About this exercise: Once the pictures are set aside, copy everything else in the records exactly.
—————
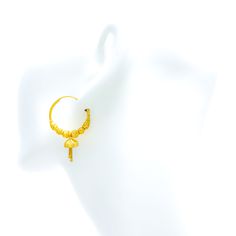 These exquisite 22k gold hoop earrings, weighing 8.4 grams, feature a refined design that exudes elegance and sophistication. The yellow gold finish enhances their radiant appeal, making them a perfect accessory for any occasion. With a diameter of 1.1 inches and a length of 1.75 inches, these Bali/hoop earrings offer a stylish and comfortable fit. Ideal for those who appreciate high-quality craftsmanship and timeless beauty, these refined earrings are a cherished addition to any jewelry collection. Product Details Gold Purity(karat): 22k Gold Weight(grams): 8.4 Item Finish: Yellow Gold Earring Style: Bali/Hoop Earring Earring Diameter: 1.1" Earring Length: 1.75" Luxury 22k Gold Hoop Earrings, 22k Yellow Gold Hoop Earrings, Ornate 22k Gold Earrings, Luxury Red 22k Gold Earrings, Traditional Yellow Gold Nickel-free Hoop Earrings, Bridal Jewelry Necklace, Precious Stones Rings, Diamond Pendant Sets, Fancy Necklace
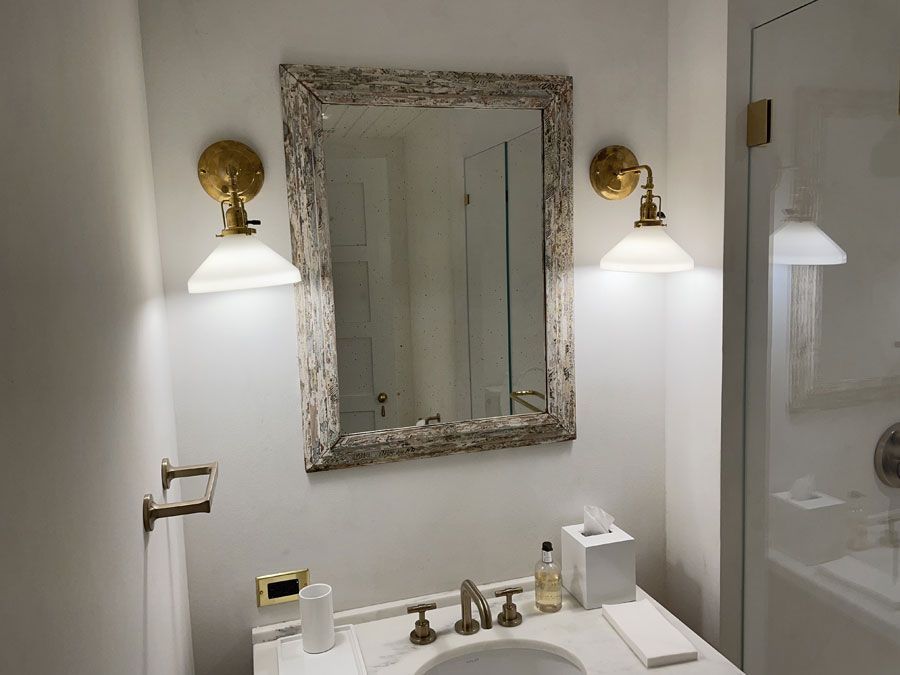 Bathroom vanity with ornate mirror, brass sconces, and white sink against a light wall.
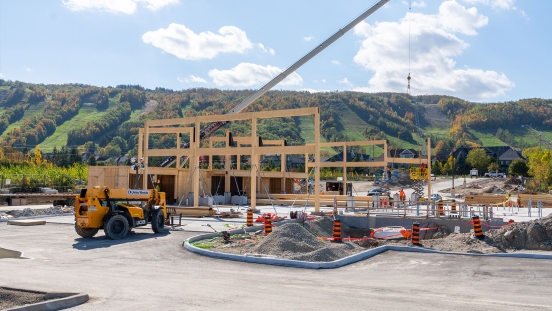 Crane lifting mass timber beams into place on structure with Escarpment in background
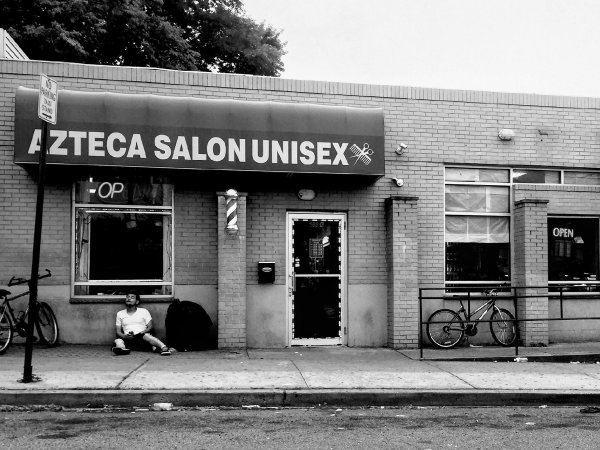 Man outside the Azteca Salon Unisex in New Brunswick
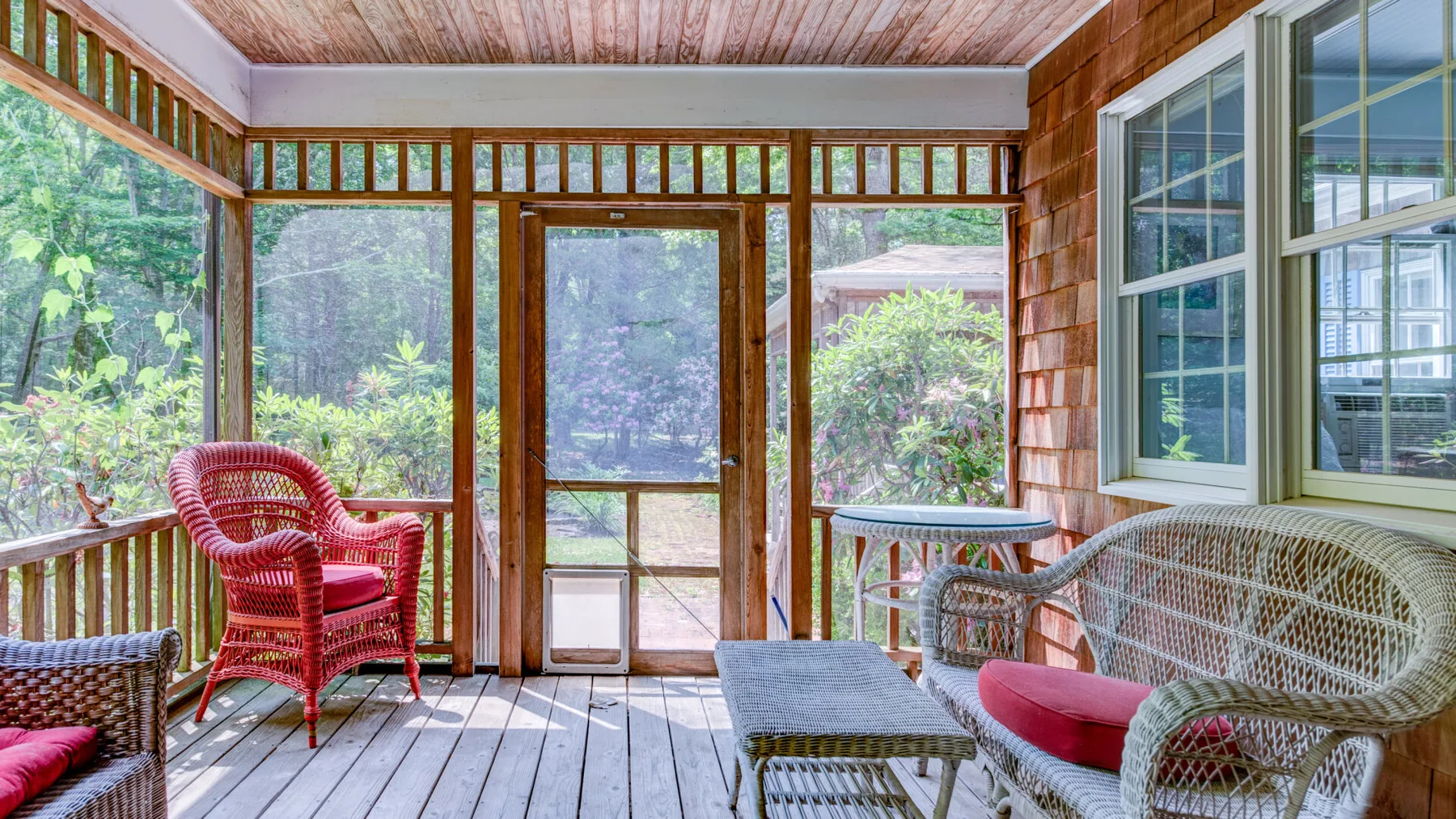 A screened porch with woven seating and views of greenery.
—————
Exercise solution:
 These exquisite 22k gold hoop earrings, weighing 8.4 grams, feature a refined design that exudes elegance and sophistication. The yellow gold finish enhances their radiant appeal, making them a perfect accessory for any occasion. With a diameter of 1.1 inches and a length of 1.75 inches, these Bali/hoop earrings offer a stylish and comfortable fit. Ideal for those who appreciate high-quality craftsmanship and timeless beauty, these refined earrings are a cherished addition to any jewelry collection. Product Details Gold Purity(karat): 22k Gold Weight(grams): 8.4 Item Finish: Yellow Gold Earring Style: Bali/Hoop Earring Earring Diameter: 1.1" Earring Length: 1.75" Luxury 22k Gold Hoop Earrings, 22k Yellow Gold Hoop Earrings, Ornate 22k Gold Earrings, Luxury Red 22k Gold Earrings, Traditional Yellow Gold Nickel-free Hoop Earrings, Bridal Jewelry Necklace, Precious Stones Rings, Diamond Pendant Sets, Fancy Necklace
 Bathroom vanity with ornate mirror, brass sconces, and white sink against a light wall.
 Crane lifting mass timber beams into place on structure with Escarpment in background
 Man outside the Azteca Salon Unisex in New Brunswick
 A screened porch with woven seating and views of greenery.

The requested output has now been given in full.